VISION-Sで取り組む3つの重点領域

 今後、VISION-Sについては、安心安全なモビリティ「Safety」、人に近づき、共に成長する「Adaptability」、モビリティエンタテインメント空間の深化「Entertainment」といった3つの重点領域に対して取り組むとし、その状況が報告された。

安心安全なモビリティ「Safety」

 Safetyの領域では、高感度、高精細、広ダイナミックレンジのCMOSイメージセンサーや立体空間を3Dで正確に把握するLiDAR(ライダー)などの周囲360度に張り巡らされたセンサーにより、周辺環境の認識・把握をリアルタイムに行ない、安全運転を支援。

 また、緊急車両の走行などの周辺環境の状況を車内でも的確に判断できるように車内の音響システムやHMIシステムと連携した直感的なドライバーインタラクションを提供。すべての人々に安心・安全を提供することを目的にソニーのセンサー技術と通信技術を用い、より安全により快適なモビリティを実現するため、ADAS(運転支援機能) Level 2+の公道リリースに向けた機能検証を欧州で行なっているという。

人に近づき、共に成長する「Adaptability」

 Adaptabilityの領域では、ToF方式距離画像センサーを用いて、ドライバー認証やパッセンジャーを見守るためのモニタリング機能を提供。また、直感的なクルマのインターフェースへの進化を目指し、ジェスチャーコマンドや音声コマンドに対応。そしてユーザーの好みに合わせて、新たに車両のディスプレイテーマや加減速音を設定できる機能を提供するという。さらに、5G通信を含めたモバイル通信を用いて、車両とクラウドシステムを連携させることで、車両設定やキー施錠、ユーザーの設定を同期。また、アップデートがOTA(Over the air)で車両へ反映されるため、セキュリティ面、サービス機能や付加価値提供については継続的に進化させていくことが可能。

 また、これまでスマートフォンの開発を通じて培ってきた通信技術や通信セキュリティ等の社内技術や知見を活かしたリモート運転を自動運転時代の到来を見据えた重要技術と位置付け、この実現に向けて日独を5Gでつないだ運転実験を実施し、VISION-S 01に搭載されたテレマティクスシステムを用いての低遅延伝送(映像・制御信号)や通信制御(監視・予測)等の技術向上にパートナーと連携し取り組んでいるとしている。

モビリティエンタテインメント空間の深化「Entertainment」

 Entertainmentの領域では、立体的な音場を実現するシートスピーカーと「360 Reality Audio」に対応したストリーミングサービスにより、好みのアーティストの生演奏に囲まれているような没入感のある音楽体験を提供。

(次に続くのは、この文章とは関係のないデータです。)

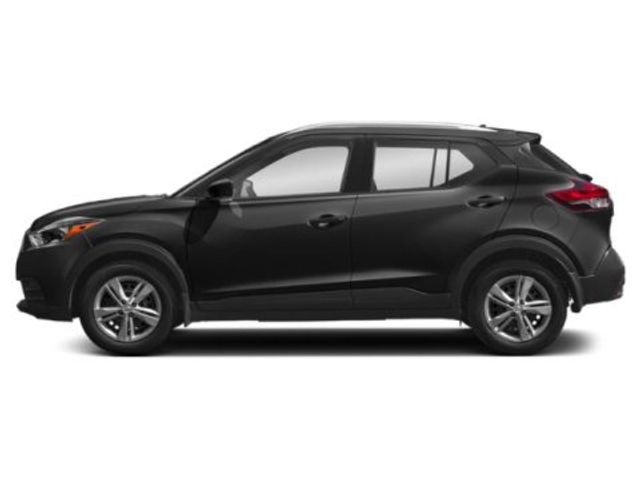 2018 Nissan Kicks S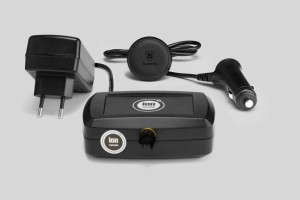 Jonizator Powietrza Samochodowy Domowy 2w1 Aircar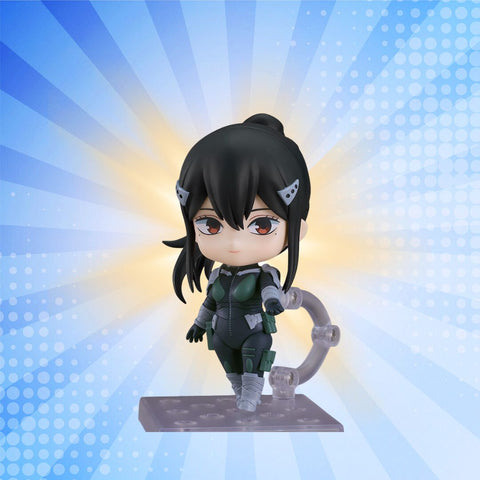 Good Smile Company Nendoroid Mina Ashiro Kaiju No. 8 Figure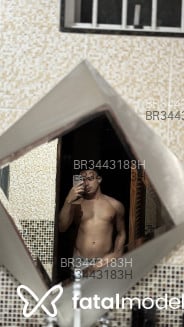 Acompanhante Augusto - Perfil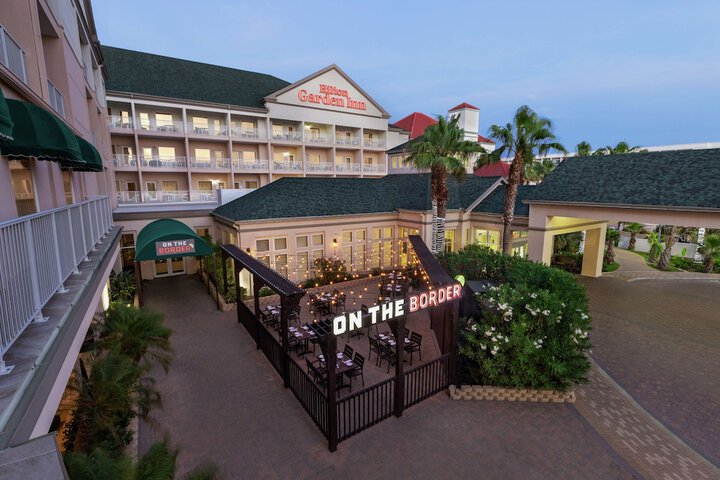 Hilton Garden Inn South Padre Island Beachfront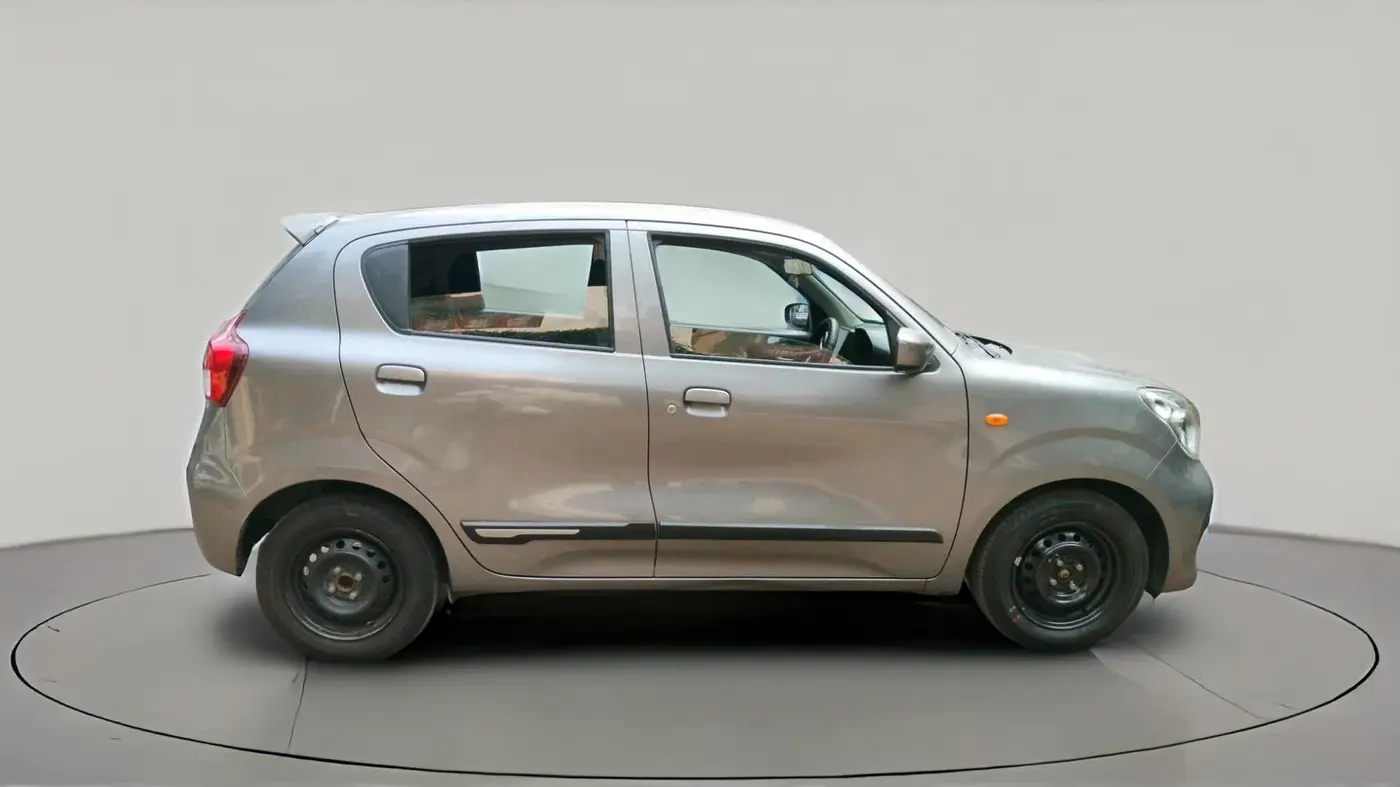 2024 Maruti Celerio VXI CNG, CNG, Manual, 19,979 km, exterior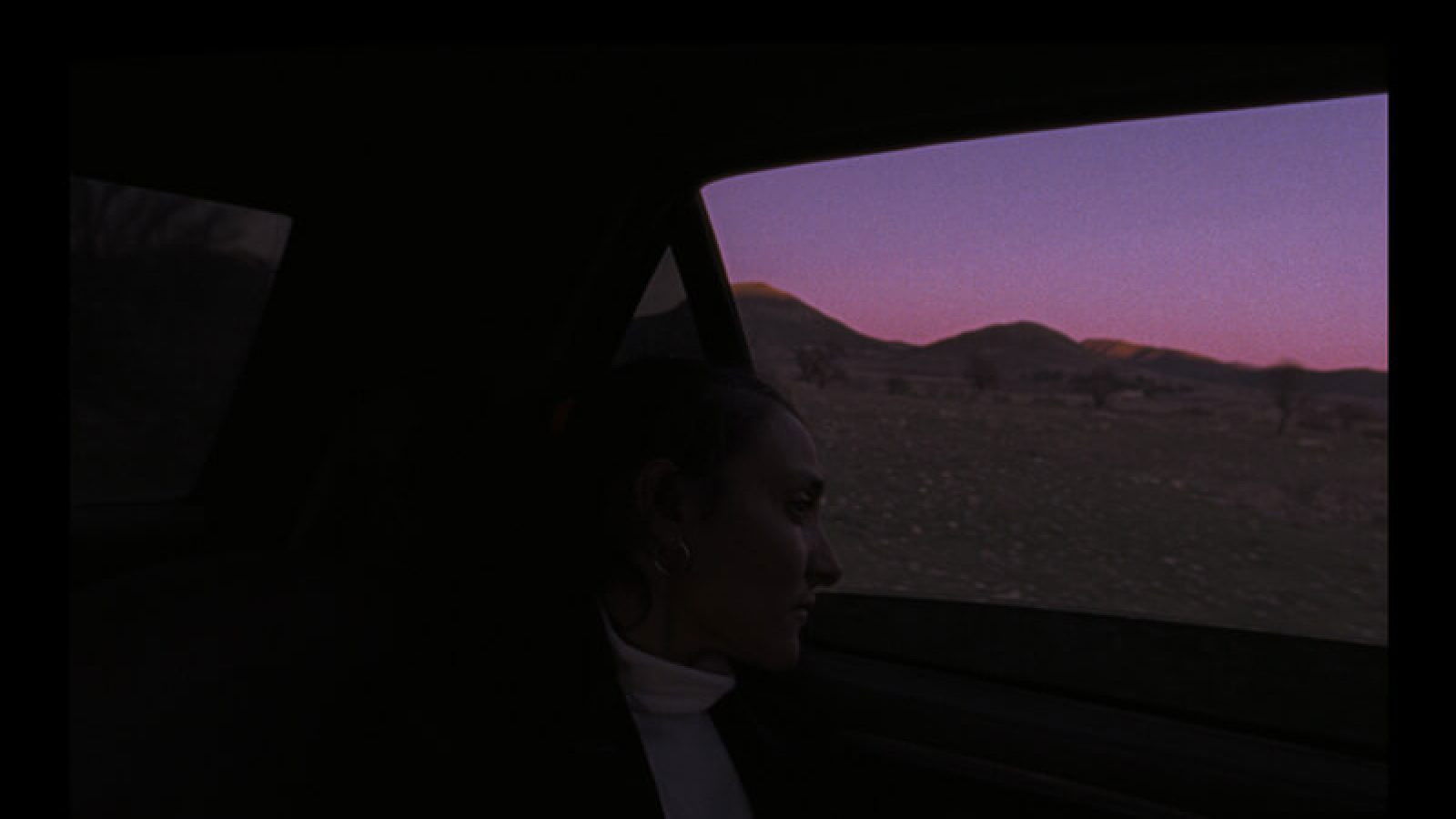 Backdrop for Los páramos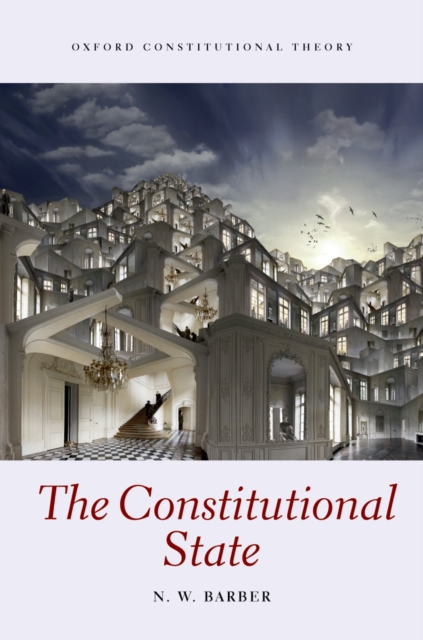 The Constitutional State, EPUB eBook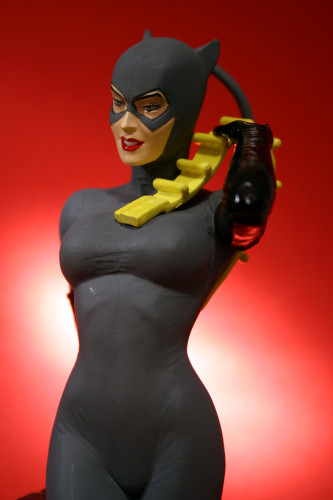 Women of DC Series 2 Catwoman Bust 011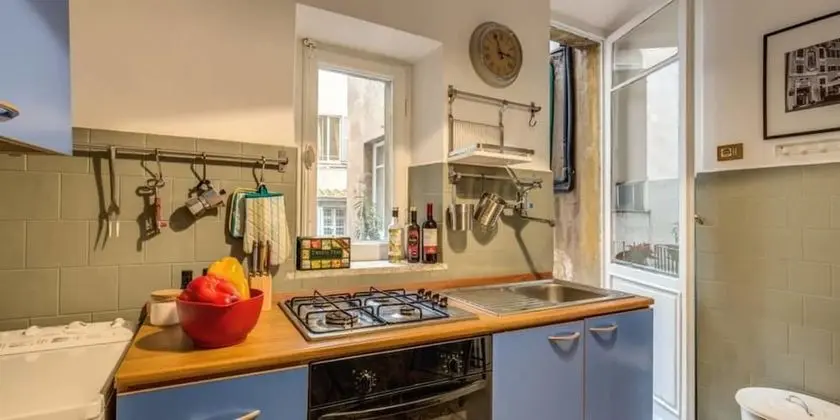 Apart Daire, 3 Yatak Odası, Sigara İçilmez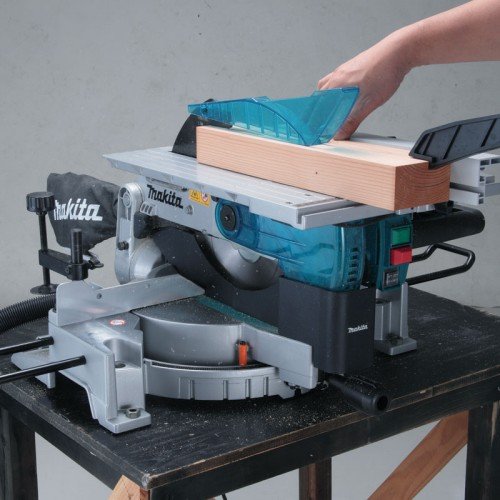 Serra De Esquadria E Bancada 250Mm( 10Pol) Lh1040 Makita - Lh1040-220V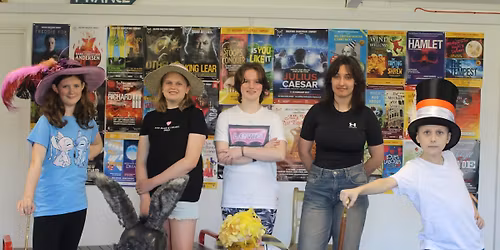 GSC Saturdays 2 - Drama Club (ages 13+)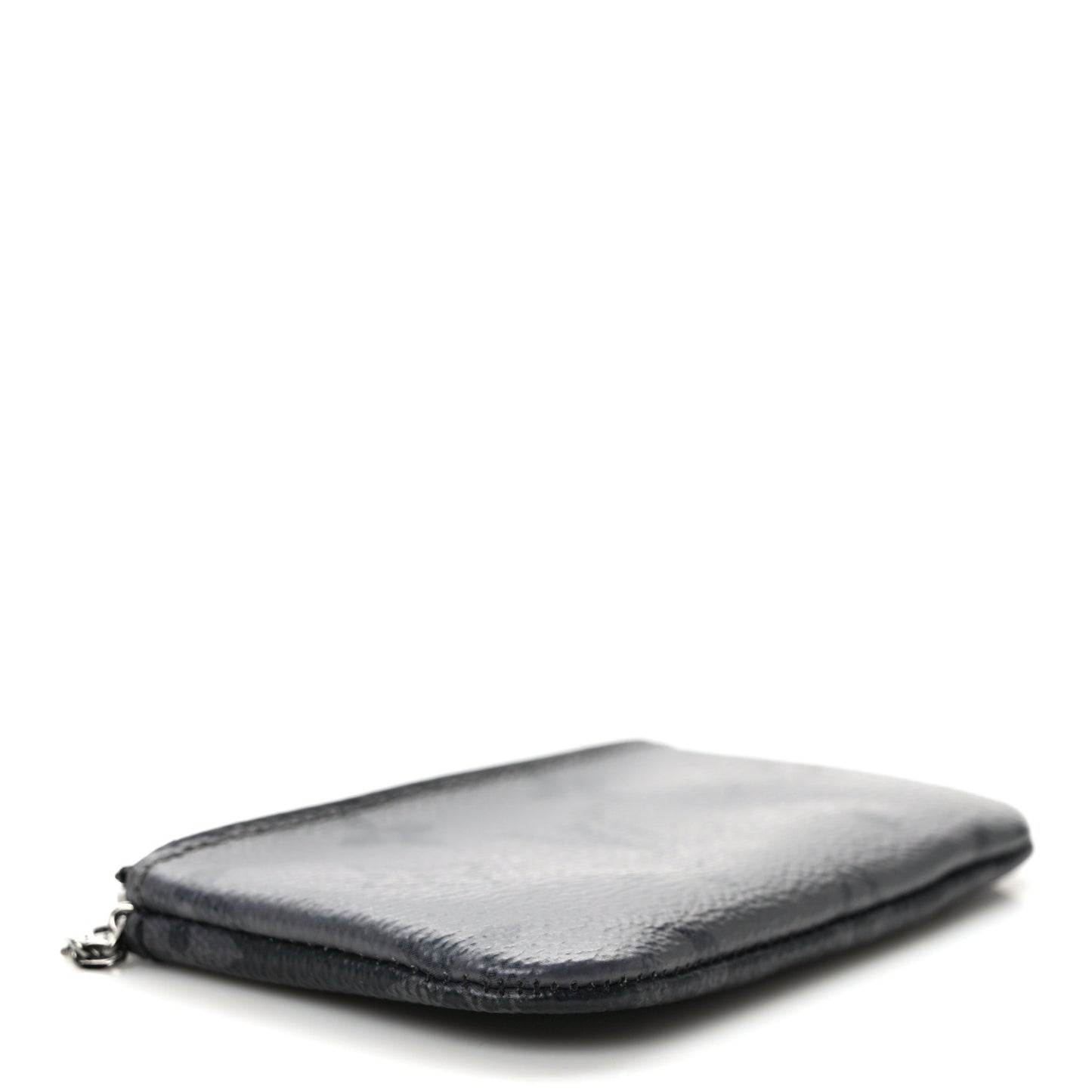 Reverse Monogram Eclipse Key Pouch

 また、VISION-Sには、車室内の前方パノラミックスクリーン及びリアシートの各席のディスプレイで臨場感のある映像視聴体験の提供を目的として、映像配信サービス「BRAVIA CORE for VISION-S」を搭載。そして、さらなるエンタテインメント体験の探索に向けて、自宅のPlayStationにリモート接続してのゲーム体験に加え、新たにクラウド経由でストリーミングすることで、多彩なゲームを楽しめるようにした。